The brief traces more than three centuries of legal tradition establishing that when a company dedicates its services to public use, courts and legislatures can require it to operate in the public interest and without discrimination. This longstanding doctrine—common carriage—was developed precisely to curb abuses by firms whose control over critical services allows them to favor or discriminate against particular customers, speakers, or competitors. 

“Google is the modern equivalent of the railroad or telegraph monopolist,” said Tara Pincock, Open Markets Institute policy counsel. “The tech giant’s dominance over online search grants it sweeping control over who can be discovered online, who can reach customers, and who can participate in the digital economy.

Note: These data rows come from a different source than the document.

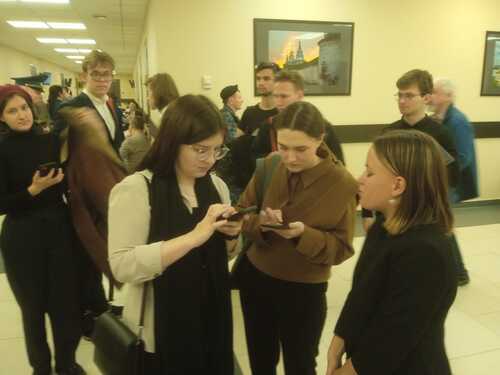 After the sitting of the Court of Cassation within the case of the liquidation of the HRC “Memorial.” Alexandra Baeva, a lawyer, is on the right. Moscow, November 9, 2022. Photo by the "Caucasian Knot"* correspondent *The publication was included by the Russian Ministry of Justice (MoJ) in the register of NCOs, performing the functions of a foreign agent, and was liquidated by a court’s decision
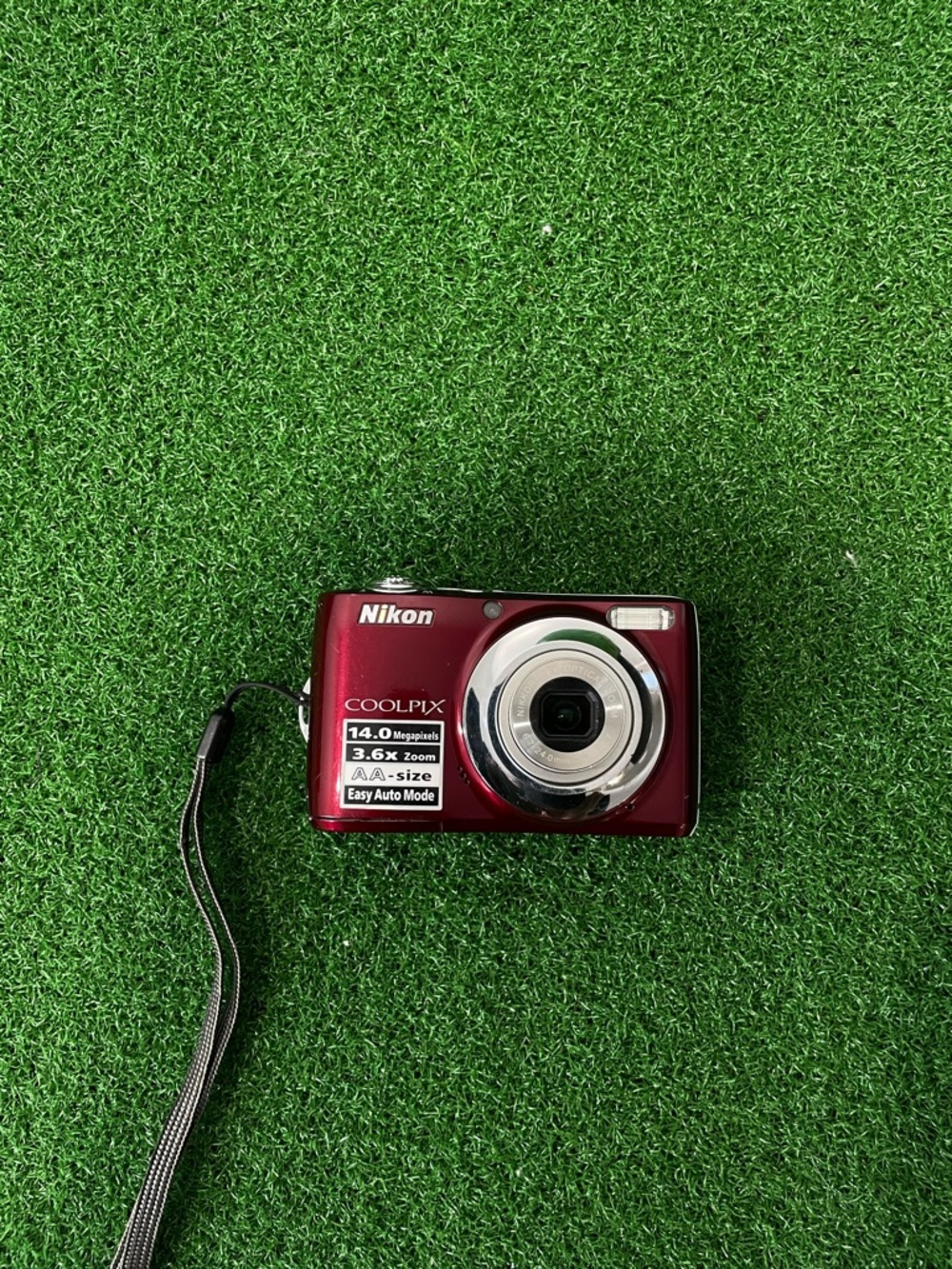 Nikon Coolpix l24 14 Megapixel Compact Digital Camera - Red Metallic
(Abr 026)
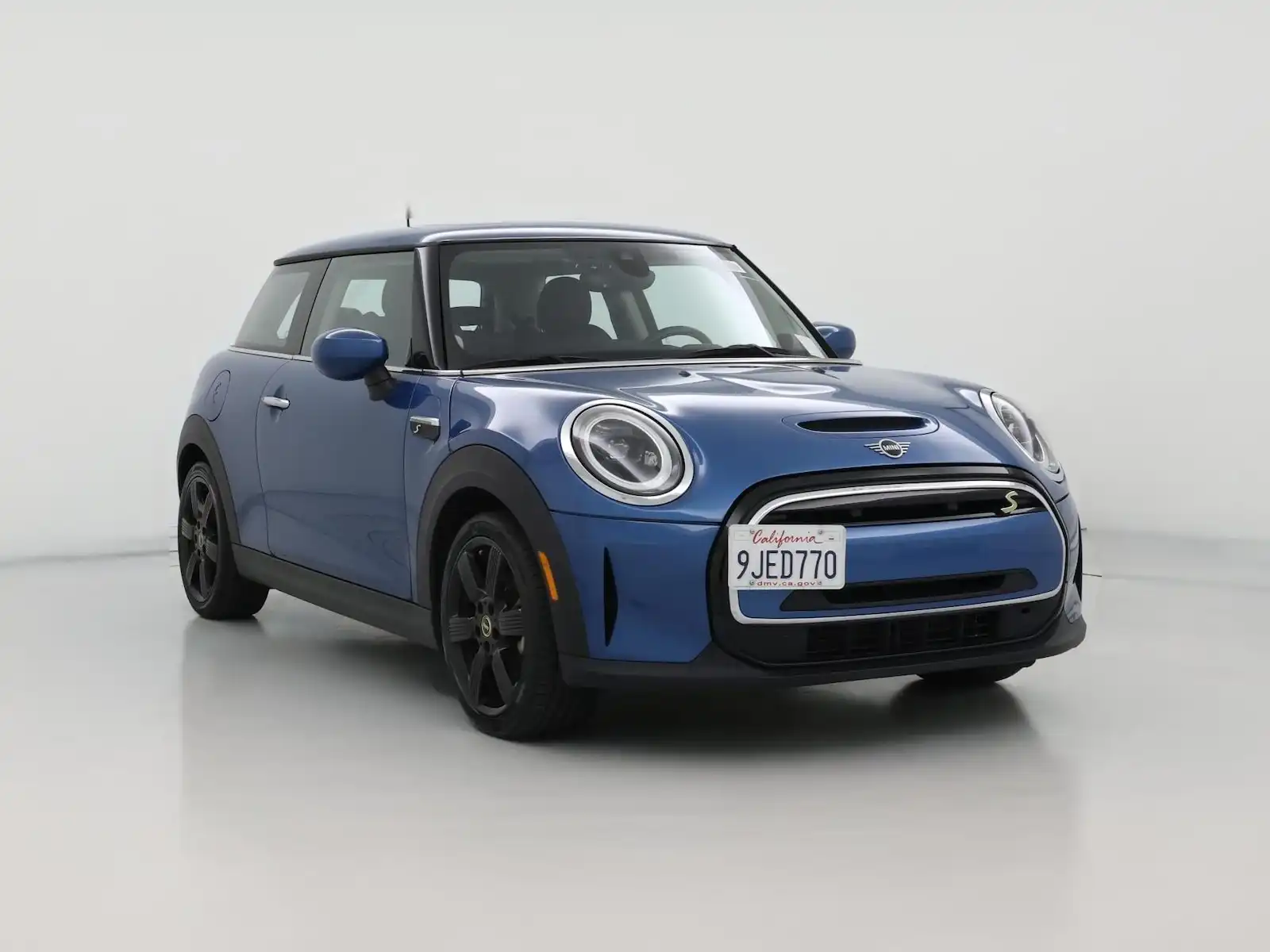 2024 MINI Hardtop Cooper SE's photo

With that power comes the responsibility not to discriminate.” 

  • Google Holds Itself Out to Serve the Public: The brief explains that under settled Ohio law, a company qualifies as a common carrier if it makes its services “available to the public generally and indiscriminately.” Google Search plainly meets that standard: anyone can use Google without an account, and any website can be crawled, indexed, and displayed without a contract or payment. 

Google’s discretion in ranking and indexing webpages does not transform it into a private carrier—just as a bus company choosing its route or an innkeeper setting reasonable rules has never exempted them from common carriage obligations. Courts have consistently held that companies open to the public remain subject to nondiscrimination rules even when they exercise judgment in how to provide their services. 

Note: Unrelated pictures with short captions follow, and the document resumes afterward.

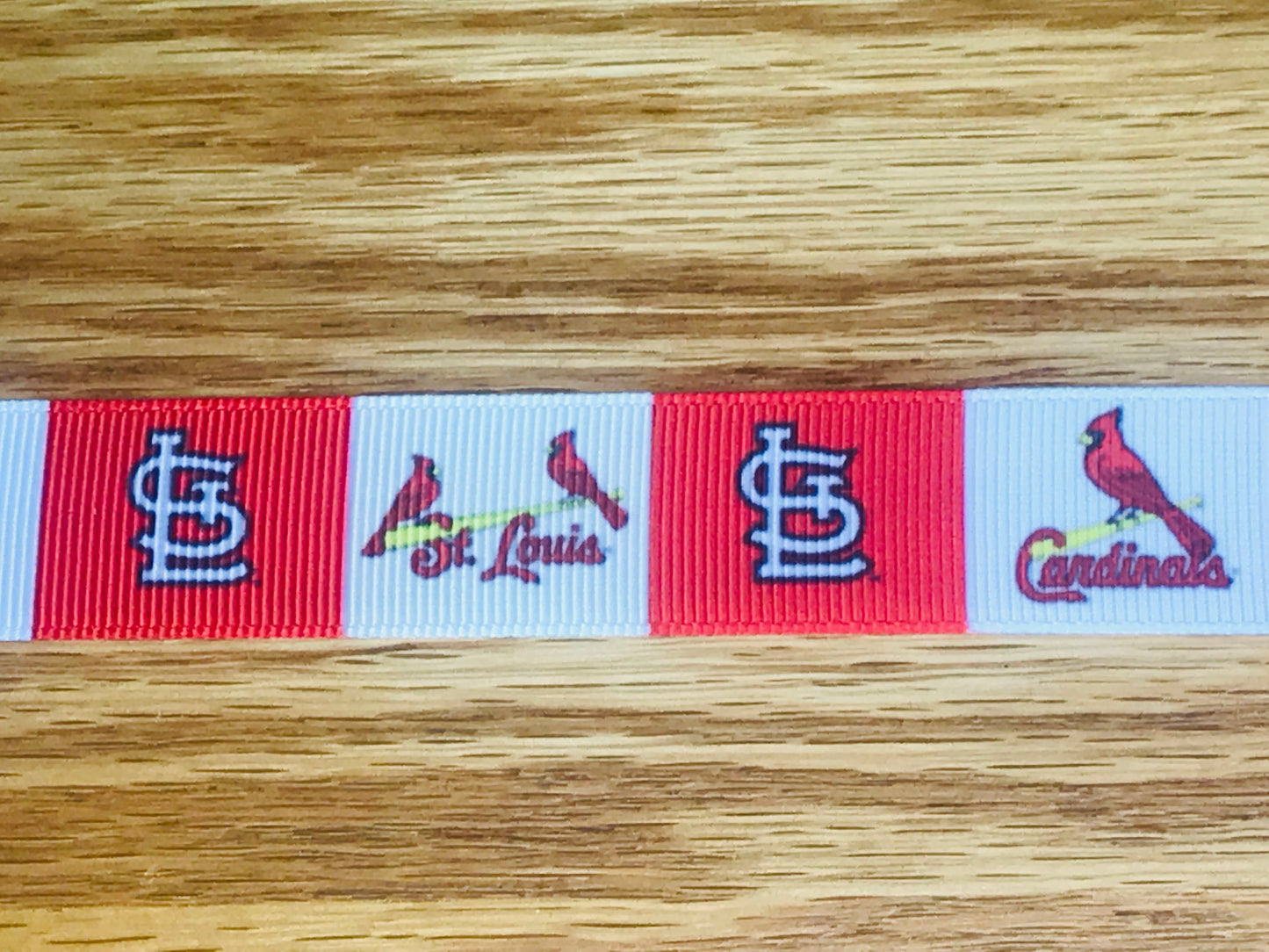 7/8" Wide MLB National League St. Louis Cardinals Baseball Team Logo Printed On White Grosgrain Ribbon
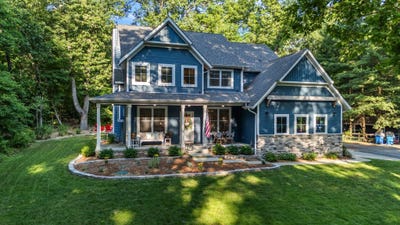 /international/us/323-dreamwold-way-michiana-shores-in-110100861680/?lang=en
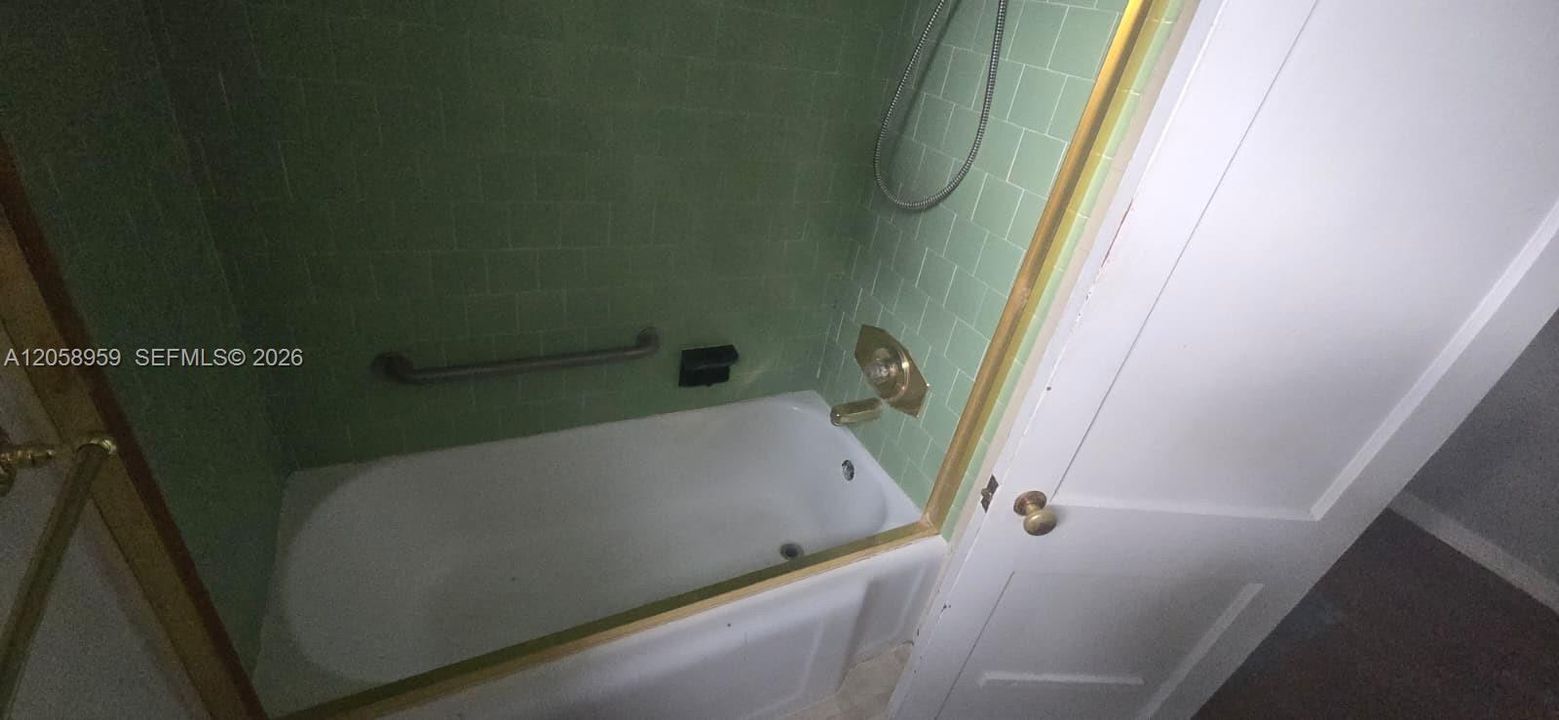 На продажу: $169,900 (4 спален, 1 ванн, 0 Квадратных фут)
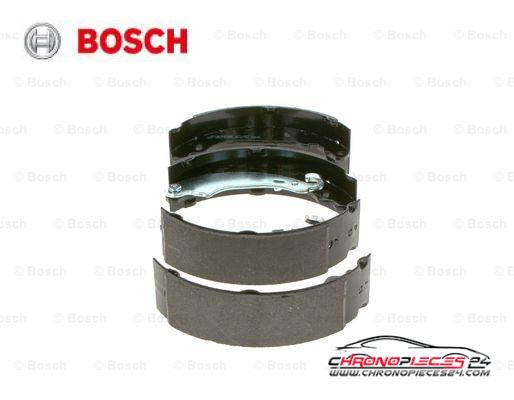 Achat de BOSCH 0 986 487 556 Jeu de mâchoires de frein pas chères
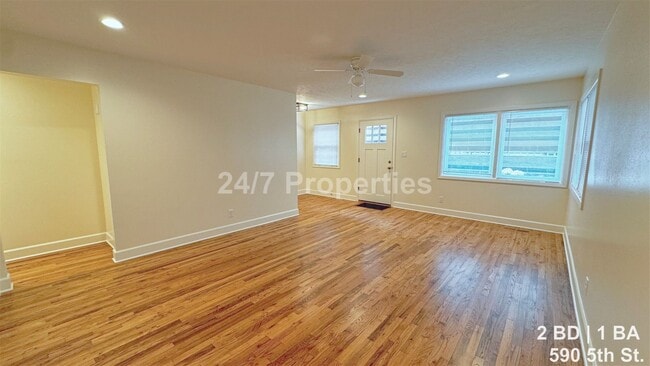 Building Photo - Remodeled 2 BD | 1 BA Duplex - First Edition Lake Oswego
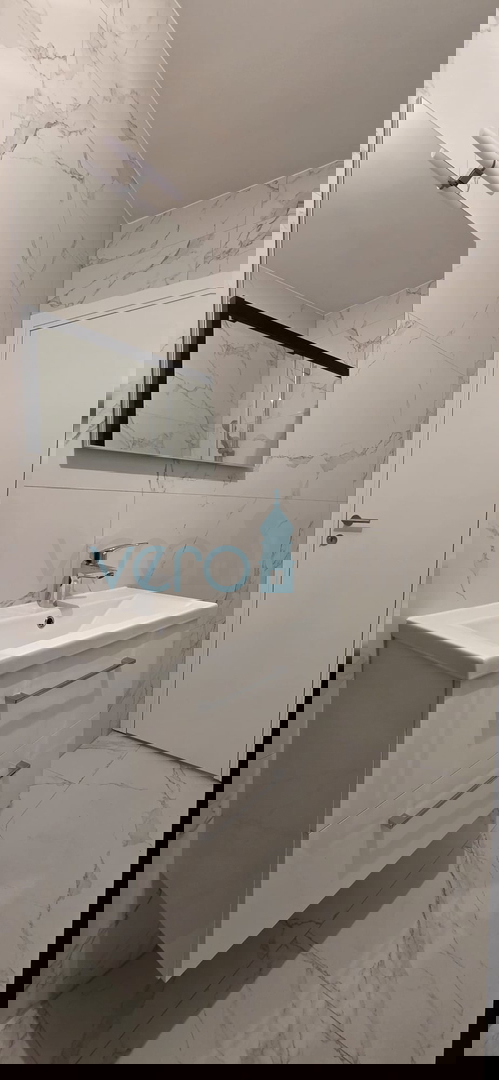 Istra, Novigrad, stanovanje 92 m2, 1. nadstropje, novogradnja, 2 terasi, pogled na morje, prodaja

  • Common Carrier Doctrine Is Flexible and Applicable to New Technologies: The brief emphasizes that common carriage is not a relic of the past; it is a dynamic doctrine explicitly designed to adapt as new technologies emerge. Courts extended it from stagecoaches to railroads, from telegraphs to telephones, and from cable systems to broadband. Today, as digital platforms become essential infrastructure for civic participation and economic life, states have the same authority to ensure these systems remain open, fair, and nondiscriminatory. 

“It would be a bold statement indeed to say that government possessed greater power to regulate the public interest a century ago than it possesses today,” the brief notes, quoting German Alliance Insurance Co. v. Lewis (1914). 

  • Unchecked Search Discrimination Harms Users, Businesses, Publishers, and Democracy: Google’s market share in search far exceeds all competitors combined. When it favors or suppresses websites, speakers, or sellers—often for reasons that are opaque or arbitrary—the consequences ripple across the entire economy. Sellers may be blocked from reaching consumers, creators may lose their audiences, and the public may be denied access to vital information. 

Given Google’s long-running monopoly power, Ohio is well within its authority to step in and protect its citizens from discriminatory treatment by imposing nondiscriminatory, equal-access obligations on Google Search. 

The brief concludes by urging the Fifth District Court of Appeals of Ohio to reverse the lower court’s ruling that exempted Google from common carrier designation. The trial court’s view—that any exercise of judgment renders a company a “private carrier”—would, if accepted, make it nearly impossible to regulate any business as a common carrier, past or future. 

“The doctrine has always allowed companies to apply reasonable rules,” the brief states. “What it has never allowed is discrimination by a firm that holds itself out to the public and controls essential pathways of commerce and communication.”